The book is full of inspirational stories like Nike. Stuff that we have
all oohed and aahed at, in various award annuals all these years since
1982. Going beyond Nike, to Coke, Google, Honda… and even Royal
Enfield and Indigo Airlines.
But as with all “books” by agencies that are done to put forward their
best work, their abilities and to try and influence how you think about
them, it does showcase the best work, carefully handpicked to leave out
the mediocre. However, there is also a certain honesty to admit that
that they too have failed, when they point you to the giant mural (made
of 100,000 pushpins) that hangs in their Portland office that simply
states: Fail Harder. W+K have had their share of troubled times in the
past with layoffs, salary cuts, financial troubles and client losses
(which include Nike, which sacked them only to return a few years
Overall W+K comes across as a good, honest, hardworking agency that has
got a lot of things right. Very, very right.
There is very little bullshit in the book, which tends to creep in, in
most attempts at self-promotion. That is because all the work is real.
No scams here. The work and the honesty with which one needs to approach it comes
through. For it is not about how many awards their work wins or the
industry admiration it gets. At the end of the day it is about the
success the work creates for the brands that engaged
the agency in the first place. W+K created a lot of successes for the
brands who engaged them.
W+K is one of the agencies that understand very well that building a
brand is not something you engage in over an IPL season. It takes time.
You have to live through all the challenges the consumer, the client,
and the competition will throw at you. W+K comes up tops on every count,
obviously only with reference to the work they have showcased in the
book. I did not find any mention of Subaru in the book, with whom they
have had a fairly tumultuous relationship.
There are lots of interesting nuggets in the book. My favorite is:
patience and progress are fucking hard. Is that Gita-esque or what?
There is more of that kind of stuff towards the end of the book, in a
section W+K have called “The moral of the story”.
Another nugget: advertising is storytelling. Good point, stated by many,
restated by W+K. Often forgotten by practitioners.

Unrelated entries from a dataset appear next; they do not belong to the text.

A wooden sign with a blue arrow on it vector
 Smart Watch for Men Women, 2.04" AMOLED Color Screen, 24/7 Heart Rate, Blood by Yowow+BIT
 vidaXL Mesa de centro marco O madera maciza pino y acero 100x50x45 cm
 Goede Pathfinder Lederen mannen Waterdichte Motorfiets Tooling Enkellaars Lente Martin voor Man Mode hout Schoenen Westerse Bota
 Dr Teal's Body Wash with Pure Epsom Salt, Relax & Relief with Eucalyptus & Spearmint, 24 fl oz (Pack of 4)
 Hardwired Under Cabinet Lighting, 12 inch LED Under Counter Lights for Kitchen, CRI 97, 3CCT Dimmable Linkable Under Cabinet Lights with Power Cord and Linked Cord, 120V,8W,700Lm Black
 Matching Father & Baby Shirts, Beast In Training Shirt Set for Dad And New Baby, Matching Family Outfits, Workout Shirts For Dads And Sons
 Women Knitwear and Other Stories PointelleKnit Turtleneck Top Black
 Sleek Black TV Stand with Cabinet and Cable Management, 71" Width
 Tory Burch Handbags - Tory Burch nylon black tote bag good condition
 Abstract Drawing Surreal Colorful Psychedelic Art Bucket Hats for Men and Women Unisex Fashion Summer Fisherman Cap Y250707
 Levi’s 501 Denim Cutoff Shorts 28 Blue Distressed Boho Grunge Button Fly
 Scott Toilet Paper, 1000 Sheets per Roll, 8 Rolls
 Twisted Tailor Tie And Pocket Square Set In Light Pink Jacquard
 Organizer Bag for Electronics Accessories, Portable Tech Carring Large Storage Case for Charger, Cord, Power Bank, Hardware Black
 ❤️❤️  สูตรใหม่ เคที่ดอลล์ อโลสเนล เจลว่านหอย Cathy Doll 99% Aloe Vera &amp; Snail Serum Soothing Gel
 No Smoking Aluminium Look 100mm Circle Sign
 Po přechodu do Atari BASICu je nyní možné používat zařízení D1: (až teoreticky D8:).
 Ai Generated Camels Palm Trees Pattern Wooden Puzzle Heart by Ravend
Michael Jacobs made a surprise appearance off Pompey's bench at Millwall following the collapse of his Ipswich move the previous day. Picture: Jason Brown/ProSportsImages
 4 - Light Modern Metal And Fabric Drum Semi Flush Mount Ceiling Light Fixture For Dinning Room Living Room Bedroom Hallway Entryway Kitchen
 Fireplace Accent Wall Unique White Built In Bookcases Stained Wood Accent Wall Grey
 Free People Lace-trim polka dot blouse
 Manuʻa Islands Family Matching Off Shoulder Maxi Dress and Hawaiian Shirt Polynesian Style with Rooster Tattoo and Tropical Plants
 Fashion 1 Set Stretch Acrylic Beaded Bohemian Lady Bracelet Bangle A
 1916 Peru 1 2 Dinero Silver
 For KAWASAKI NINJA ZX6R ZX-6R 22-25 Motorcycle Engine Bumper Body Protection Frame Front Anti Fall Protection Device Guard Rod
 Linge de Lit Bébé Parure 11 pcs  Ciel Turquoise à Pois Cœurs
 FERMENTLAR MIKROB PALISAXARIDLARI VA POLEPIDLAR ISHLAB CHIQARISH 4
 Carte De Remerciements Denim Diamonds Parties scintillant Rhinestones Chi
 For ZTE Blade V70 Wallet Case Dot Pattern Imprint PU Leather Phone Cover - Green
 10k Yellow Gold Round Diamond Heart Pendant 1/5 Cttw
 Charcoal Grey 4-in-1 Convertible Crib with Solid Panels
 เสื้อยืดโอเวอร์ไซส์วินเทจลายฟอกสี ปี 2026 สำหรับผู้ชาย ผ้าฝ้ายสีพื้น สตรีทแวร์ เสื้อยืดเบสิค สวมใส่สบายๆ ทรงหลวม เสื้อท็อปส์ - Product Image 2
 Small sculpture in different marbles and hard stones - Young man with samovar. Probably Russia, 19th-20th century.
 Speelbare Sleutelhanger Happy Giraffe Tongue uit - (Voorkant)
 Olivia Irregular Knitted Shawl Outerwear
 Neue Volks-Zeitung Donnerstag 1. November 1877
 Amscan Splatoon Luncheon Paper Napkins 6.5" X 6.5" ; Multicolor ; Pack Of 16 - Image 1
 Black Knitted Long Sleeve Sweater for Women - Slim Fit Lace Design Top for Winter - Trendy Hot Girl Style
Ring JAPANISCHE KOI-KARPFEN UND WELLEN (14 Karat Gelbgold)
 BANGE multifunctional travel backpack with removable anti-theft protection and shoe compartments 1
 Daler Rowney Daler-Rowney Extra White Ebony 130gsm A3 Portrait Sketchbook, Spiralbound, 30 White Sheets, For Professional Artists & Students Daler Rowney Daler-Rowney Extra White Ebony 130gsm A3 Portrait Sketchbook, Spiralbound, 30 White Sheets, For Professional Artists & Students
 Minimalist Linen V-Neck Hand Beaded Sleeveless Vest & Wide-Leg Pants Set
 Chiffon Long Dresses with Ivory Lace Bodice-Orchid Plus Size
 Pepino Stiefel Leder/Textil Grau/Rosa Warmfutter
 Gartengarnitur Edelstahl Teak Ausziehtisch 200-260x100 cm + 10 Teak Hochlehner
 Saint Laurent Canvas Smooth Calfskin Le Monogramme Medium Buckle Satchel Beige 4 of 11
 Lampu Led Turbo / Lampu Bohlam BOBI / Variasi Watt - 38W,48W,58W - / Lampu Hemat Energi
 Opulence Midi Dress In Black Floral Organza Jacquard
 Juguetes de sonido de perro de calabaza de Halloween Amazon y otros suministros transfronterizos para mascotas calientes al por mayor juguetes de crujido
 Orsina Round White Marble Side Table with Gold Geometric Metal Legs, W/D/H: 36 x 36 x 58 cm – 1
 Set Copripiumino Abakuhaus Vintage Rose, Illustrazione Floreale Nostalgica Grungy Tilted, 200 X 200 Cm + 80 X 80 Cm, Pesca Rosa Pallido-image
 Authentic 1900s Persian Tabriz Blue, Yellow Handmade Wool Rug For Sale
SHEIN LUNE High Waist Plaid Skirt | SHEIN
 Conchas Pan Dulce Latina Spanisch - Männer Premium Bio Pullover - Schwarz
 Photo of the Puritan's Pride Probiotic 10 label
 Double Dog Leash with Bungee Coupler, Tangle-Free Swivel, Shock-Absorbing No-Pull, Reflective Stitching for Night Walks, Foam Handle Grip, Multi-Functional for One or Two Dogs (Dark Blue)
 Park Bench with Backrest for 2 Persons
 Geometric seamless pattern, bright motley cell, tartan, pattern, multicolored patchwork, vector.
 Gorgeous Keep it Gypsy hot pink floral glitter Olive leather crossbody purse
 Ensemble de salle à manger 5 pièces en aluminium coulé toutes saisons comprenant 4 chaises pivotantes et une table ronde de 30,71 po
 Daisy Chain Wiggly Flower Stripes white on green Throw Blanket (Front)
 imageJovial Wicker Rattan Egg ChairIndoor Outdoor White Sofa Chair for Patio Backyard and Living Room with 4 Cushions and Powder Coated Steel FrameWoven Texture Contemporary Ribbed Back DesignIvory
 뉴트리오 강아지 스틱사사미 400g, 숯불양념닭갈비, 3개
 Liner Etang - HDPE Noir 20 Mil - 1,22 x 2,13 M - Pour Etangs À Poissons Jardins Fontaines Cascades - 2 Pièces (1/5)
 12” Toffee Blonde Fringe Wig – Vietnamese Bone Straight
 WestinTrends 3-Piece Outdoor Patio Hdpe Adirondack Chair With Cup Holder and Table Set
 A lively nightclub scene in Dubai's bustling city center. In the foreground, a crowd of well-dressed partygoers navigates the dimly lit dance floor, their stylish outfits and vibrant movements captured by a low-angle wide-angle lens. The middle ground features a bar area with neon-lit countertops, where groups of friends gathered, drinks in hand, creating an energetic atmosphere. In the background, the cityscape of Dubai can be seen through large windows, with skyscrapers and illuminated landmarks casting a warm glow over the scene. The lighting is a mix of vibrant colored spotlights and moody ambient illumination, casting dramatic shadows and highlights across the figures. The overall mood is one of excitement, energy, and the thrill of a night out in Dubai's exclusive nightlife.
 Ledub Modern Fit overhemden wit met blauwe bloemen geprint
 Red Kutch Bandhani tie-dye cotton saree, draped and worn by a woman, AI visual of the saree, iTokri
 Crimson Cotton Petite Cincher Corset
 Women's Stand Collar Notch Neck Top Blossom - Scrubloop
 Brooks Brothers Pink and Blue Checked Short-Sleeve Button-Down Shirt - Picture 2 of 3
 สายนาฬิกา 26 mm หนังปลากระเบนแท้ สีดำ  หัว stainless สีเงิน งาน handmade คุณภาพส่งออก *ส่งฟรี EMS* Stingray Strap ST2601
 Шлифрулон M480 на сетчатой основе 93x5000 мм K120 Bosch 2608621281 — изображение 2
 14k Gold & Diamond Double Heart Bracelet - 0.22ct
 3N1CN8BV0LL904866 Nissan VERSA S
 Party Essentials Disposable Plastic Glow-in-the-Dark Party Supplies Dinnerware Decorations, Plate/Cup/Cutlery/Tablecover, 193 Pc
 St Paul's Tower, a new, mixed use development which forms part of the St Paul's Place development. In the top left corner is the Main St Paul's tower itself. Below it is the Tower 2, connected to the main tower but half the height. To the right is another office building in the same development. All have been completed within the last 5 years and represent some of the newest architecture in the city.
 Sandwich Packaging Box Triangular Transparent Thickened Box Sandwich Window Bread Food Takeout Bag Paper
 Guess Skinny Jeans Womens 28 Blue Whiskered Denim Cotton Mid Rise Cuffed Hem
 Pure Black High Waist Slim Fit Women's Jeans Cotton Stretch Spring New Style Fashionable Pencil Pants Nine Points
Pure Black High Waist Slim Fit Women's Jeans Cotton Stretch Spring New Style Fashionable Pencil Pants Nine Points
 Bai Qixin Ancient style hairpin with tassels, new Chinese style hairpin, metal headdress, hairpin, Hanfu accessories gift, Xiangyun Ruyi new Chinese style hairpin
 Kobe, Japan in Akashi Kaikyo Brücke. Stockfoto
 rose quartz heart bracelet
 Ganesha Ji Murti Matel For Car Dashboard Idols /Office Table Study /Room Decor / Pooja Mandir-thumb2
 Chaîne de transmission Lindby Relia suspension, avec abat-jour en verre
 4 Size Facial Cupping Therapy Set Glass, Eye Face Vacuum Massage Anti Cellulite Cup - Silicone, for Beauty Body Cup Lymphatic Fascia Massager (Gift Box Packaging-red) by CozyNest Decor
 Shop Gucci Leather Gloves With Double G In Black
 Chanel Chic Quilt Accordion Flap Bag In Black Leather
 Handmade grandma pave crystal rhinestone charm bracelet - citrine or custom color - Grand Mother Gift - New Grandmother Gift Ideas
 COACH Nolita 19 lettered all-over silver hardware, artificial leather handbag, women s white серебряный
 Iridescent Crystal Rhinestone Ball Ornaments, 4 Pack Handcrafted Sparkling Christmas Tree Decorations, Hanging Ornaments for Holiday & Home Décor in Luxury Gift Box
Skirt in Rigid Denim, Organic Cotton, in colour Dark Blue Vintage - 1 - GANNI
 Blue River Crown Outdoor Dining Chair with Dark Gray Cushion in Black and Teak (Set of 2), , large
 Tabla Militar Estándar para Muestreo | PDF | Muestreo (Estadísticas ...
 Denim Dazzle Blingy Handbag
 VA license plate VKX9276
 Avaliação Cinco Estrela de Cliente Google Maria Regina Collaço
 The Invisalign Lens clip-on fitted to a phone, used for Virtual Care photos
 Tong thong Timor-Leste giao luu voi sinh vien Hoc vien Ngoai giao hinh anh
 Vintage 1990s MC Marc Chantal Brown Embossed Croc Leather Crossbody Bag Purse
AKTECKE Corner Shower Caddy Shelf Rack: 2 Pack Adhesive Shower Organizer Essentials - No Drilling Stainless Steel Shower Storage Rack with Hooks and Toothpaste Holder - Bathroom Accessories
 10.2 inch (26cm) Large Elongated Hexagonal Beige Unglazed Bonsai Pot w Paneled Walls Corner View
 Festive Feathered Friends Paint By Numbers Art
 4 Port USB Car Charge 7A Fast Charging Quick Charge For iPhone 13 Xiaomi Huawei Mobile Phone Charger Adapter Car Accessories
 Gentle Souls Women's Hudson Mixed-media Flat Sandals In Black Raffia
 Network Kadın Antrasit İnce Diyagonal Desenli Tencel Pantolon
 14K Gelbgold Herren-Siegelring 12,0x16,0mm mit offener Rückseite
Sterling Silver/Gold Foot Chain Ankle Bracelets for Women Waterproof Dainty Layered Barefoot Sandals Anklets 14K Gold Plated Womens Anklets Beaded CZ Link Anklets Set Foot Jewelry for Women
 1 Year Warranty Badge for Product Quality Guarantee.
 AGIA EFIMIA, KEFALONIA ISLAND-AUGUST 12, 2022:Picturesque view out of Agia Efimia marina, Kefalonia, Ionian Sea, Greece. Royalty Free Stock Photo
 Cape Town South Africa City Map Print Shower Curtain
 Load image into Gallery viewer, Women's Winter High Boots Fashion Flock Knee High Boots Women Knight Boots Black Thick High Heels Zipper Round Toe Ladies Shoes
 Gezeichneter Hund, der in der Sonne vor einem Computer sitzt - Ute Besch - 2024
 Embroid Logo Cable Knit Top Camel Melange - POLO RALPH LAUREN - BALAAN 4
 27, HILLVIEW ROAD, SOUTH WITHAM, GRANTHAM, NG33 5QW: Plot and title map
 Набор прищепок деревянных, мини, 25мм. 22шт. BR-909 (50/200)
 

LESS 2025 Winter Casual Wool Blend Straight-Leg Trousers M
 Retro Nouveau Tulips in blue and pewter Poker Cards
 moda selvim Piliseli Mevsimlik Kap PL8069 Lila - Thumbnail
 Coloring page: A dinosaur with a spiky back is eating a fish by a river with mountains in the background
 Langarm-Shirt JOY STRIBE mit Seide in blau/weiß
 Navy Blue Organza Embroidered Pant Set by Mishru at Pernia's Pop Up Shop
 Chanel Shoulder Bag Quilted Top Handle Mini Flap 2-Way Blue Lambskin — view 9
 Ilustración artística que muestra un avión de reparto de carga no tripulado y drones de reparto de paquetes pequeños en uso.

All in all, this is a great storybook. It has its share of gimmicks;
fold outs, iron-ons and tear-aways. But they are practical and nice,
though. Not overdone.
There is a USB pen drive thingy tucked away quite nicely. That has all
the films and work since the book went into print. Nice touch.
The book is, at the end of the day, an attempt to market themselves: W+K
now have seven offices. They need to establish heritage and credentials
in these new markets. They need a tool that goes beyond the Portland
office. They need to evangelize the thinking, set it in stone, so that
the success that it has been can be replicated, over and over again.
Feel good about the more than fair coverage the fledgling India office
has. Given the terrific work (and the relatively low profile Mohit Jayal
and V Sunil have maintained all these years), this should help them grow
Try and get your hands on a copy. The book is only for private
circulation. There are apparently innumerable issues on copyright if you
publish and put it out on sale, but no issues if it is for limited
Finally, watch out for W+K in this market.